◆ **Assignment**
Beginning with the line that holds "18K Gold Birthstone" and finishing with the line that holds "Mushie İkili Yuvarlak", repeat the listing exactly, leaving every picture out.

◆ **Input data**

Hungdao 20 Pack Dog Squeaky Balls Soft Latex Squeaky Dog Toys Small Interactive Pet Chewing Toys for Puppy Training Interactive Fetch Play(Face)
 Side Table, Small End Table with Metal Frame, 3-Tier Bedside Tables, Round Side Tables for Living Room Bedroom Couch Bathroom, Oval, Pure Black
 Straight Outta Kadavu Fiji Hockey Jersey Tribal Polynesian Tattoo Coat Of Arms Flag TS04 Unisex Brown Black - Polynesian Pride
==
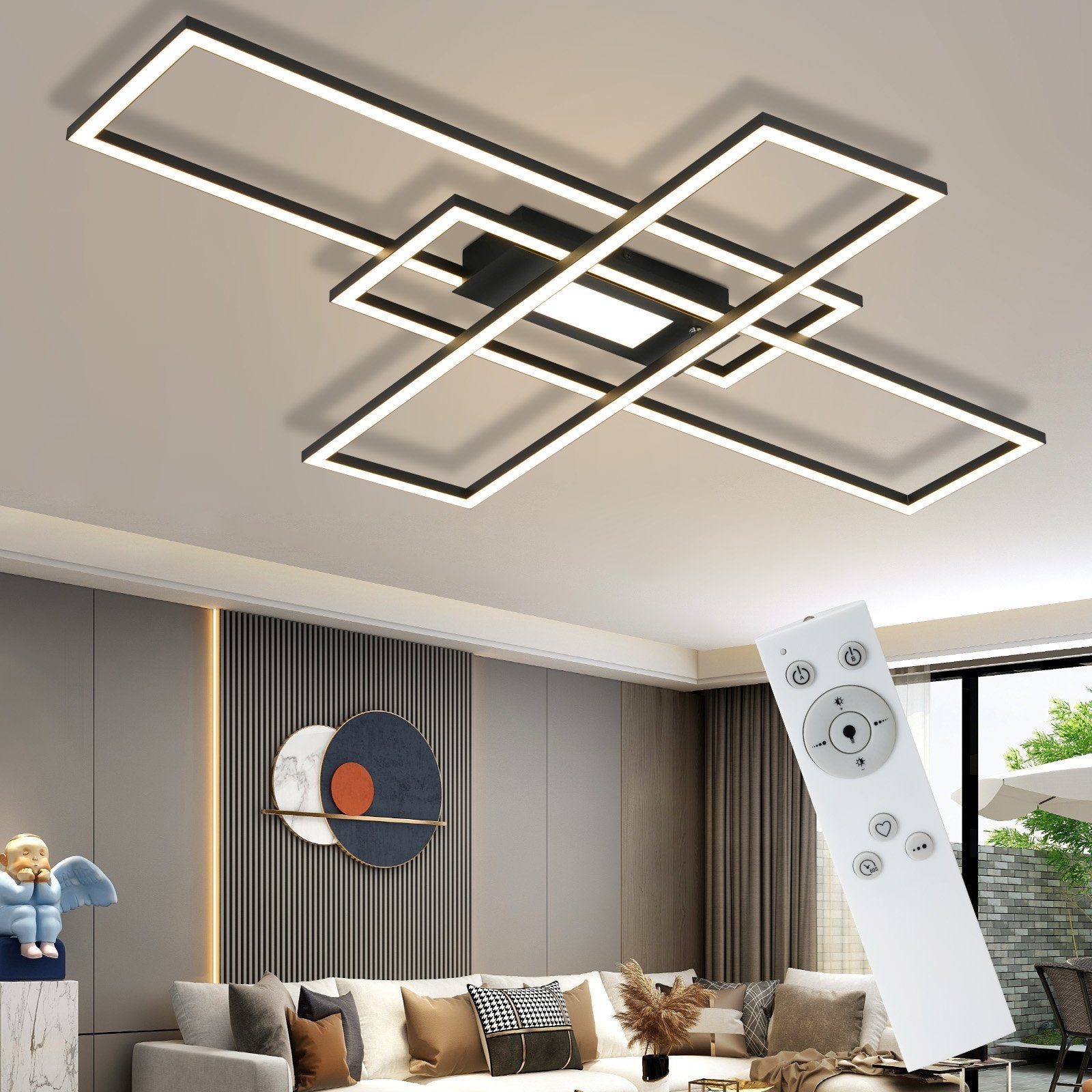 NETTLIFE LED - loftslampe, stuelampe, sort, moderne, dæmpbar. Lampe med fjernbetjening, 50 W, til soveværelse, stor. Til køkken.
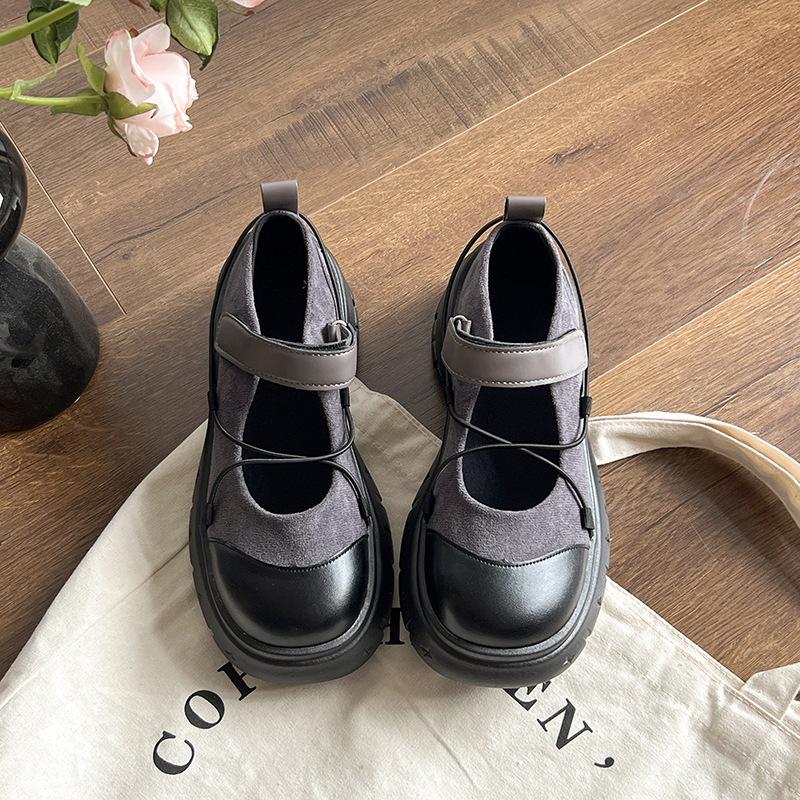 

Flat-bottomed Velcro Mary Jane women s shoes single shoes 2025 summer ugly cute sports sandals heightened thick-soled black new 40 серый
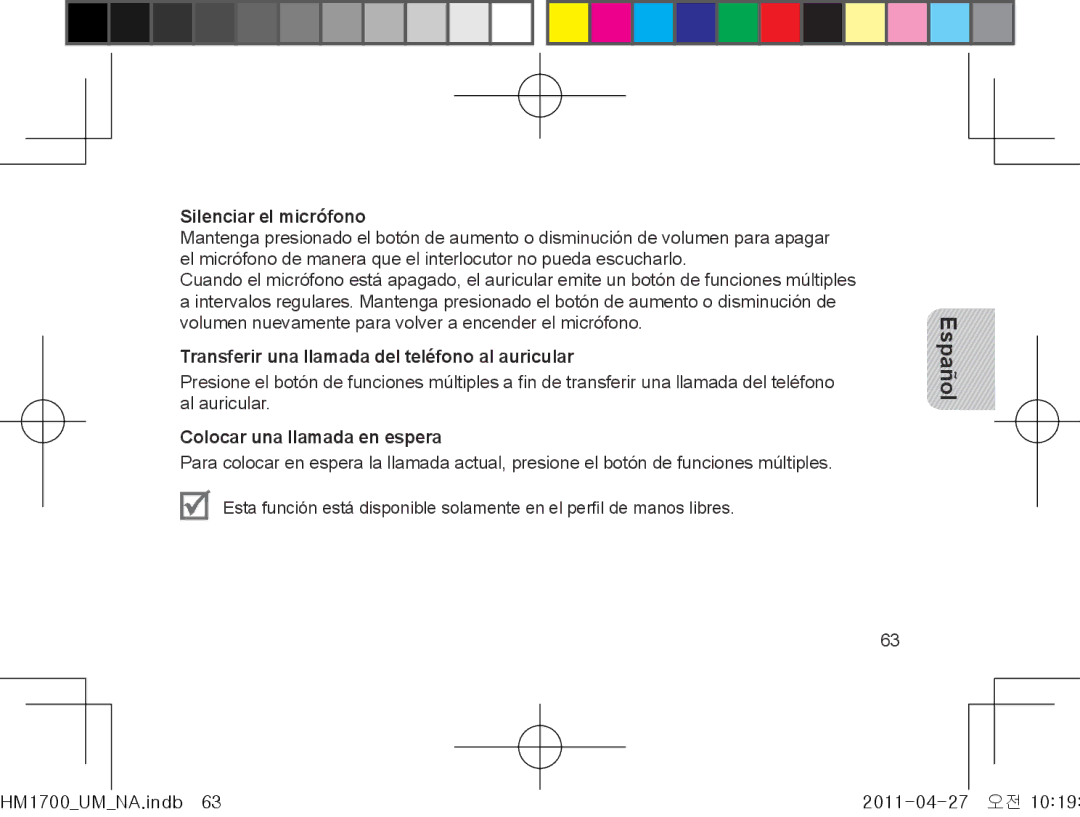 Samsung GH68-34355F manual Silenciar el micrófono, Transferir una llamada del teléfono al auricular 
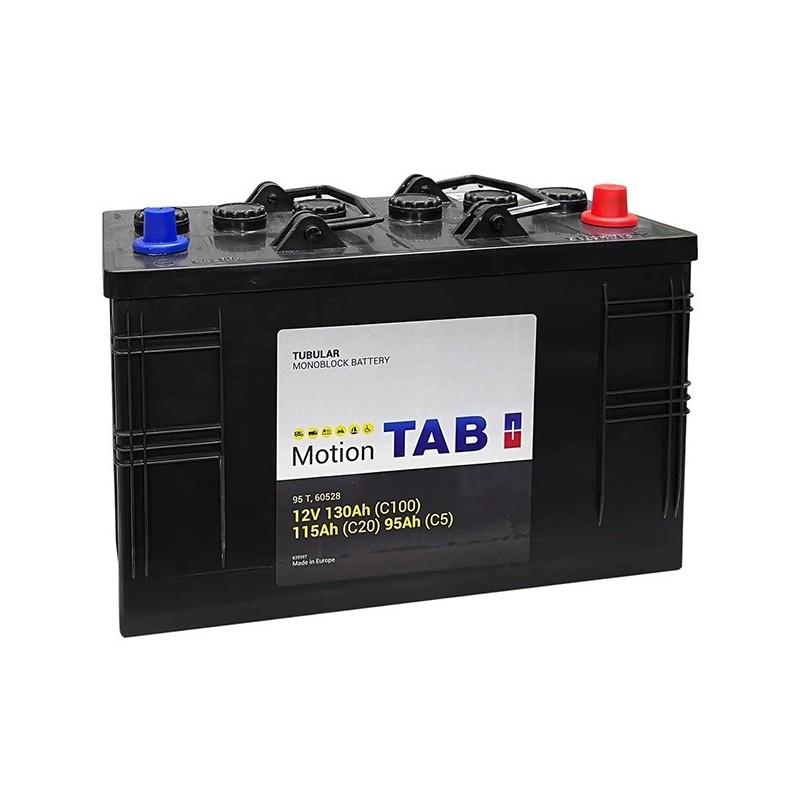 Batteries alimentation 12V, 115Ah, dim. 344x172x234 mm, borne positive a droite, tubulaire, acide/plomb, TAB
* * *
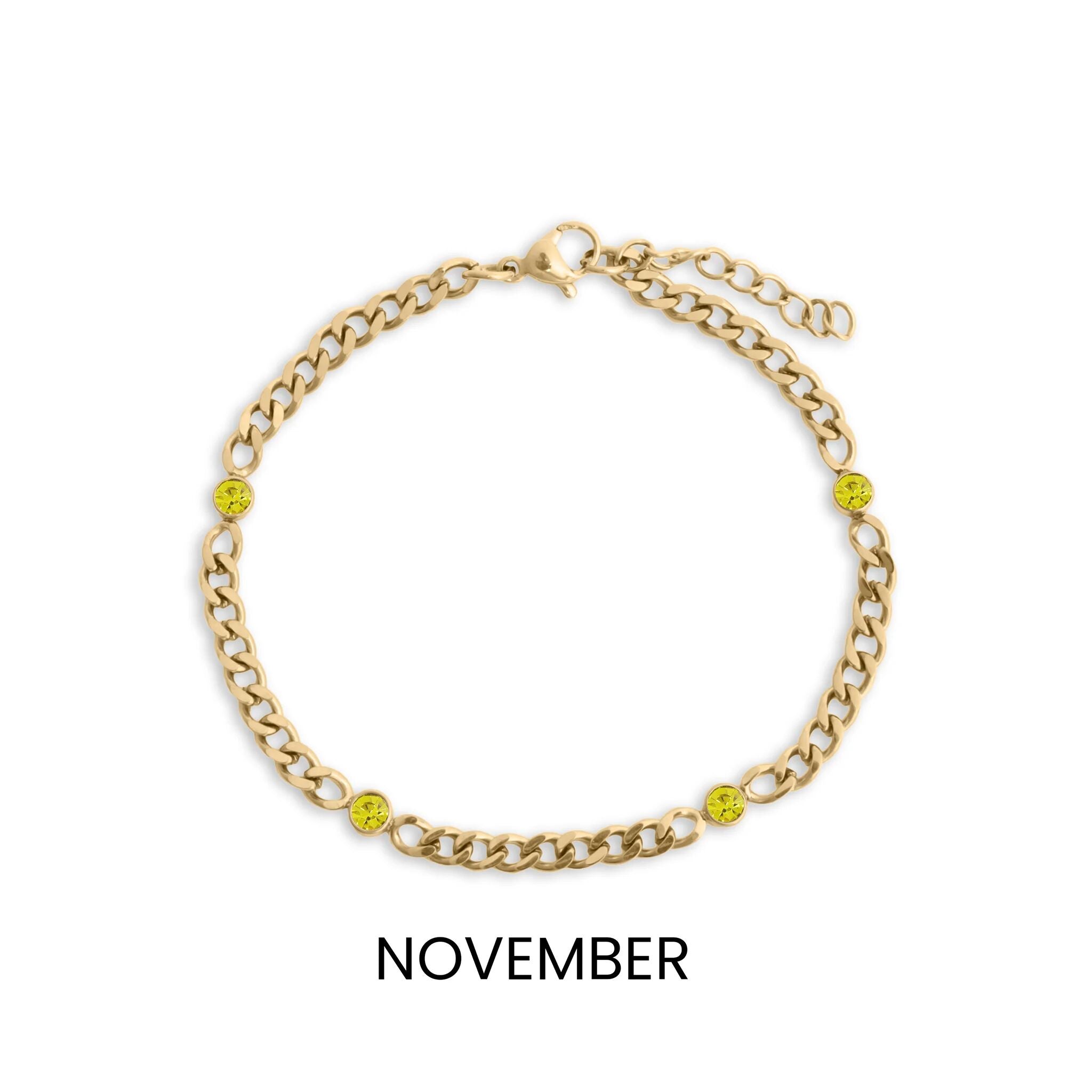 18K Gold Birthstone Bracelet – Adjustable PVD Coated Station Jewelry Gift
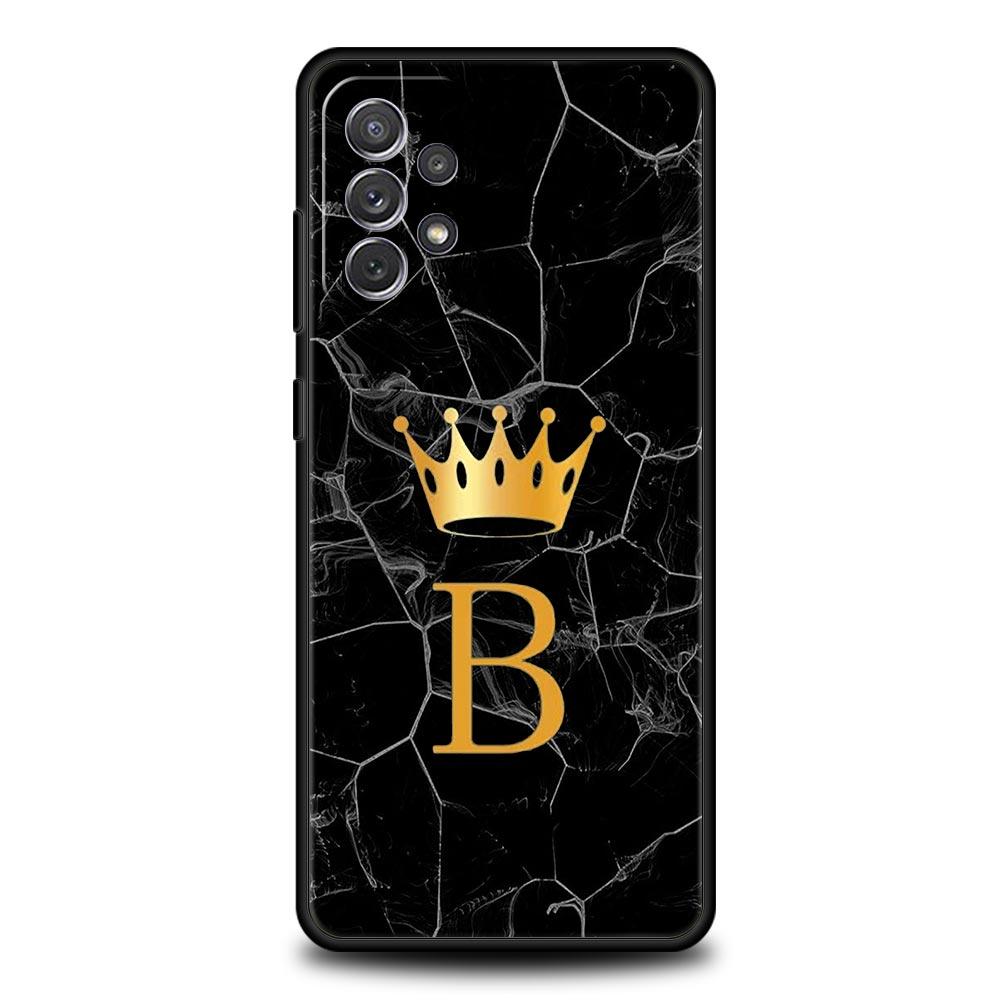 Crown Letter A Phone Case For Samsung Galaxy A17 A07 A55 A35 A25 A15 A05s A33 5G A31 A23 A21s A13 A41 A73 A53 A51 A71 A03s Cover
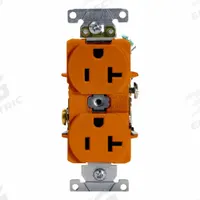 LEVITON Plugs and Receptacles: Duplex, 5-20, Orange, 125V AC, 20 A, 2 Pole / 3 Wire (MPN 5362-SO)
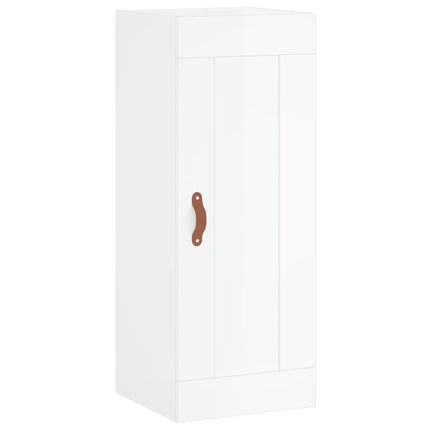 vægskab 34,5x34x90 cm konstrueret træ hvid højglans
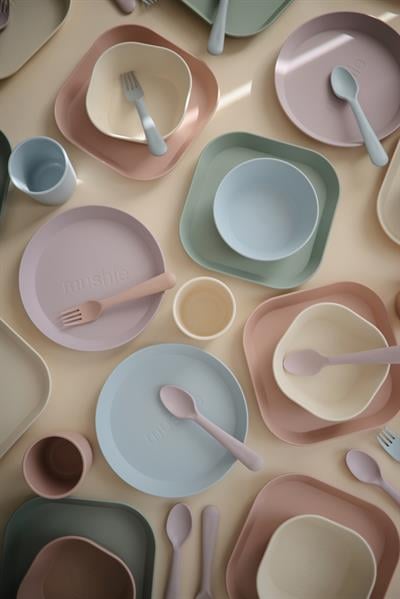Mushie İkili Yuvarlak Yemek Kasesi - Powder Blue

◆ **Answer section**
 18K Gold Birthstone Bracelet – Adjustable PVD Coated Station Jewelry Gift
 Crown Letter A Phone Case For Samsung Galaxy A17 A07 A55 A35 A25 A15 A05s A33 5G A31 A23 A21s A13 A41 A73 A53 A51 A71 A03s Cover
 LEVITON Plugs and Receptacles: Duplex, 5-20, Orange, 125V AC, 20 A, 2 Pole / 3 Wire (MPN 5362-SO)
 vægskab 34,5x34x90 cm konstrueret træ hvid højglans
Mushie İkili Yuvarlak Yemek Kasesi - Powder Blue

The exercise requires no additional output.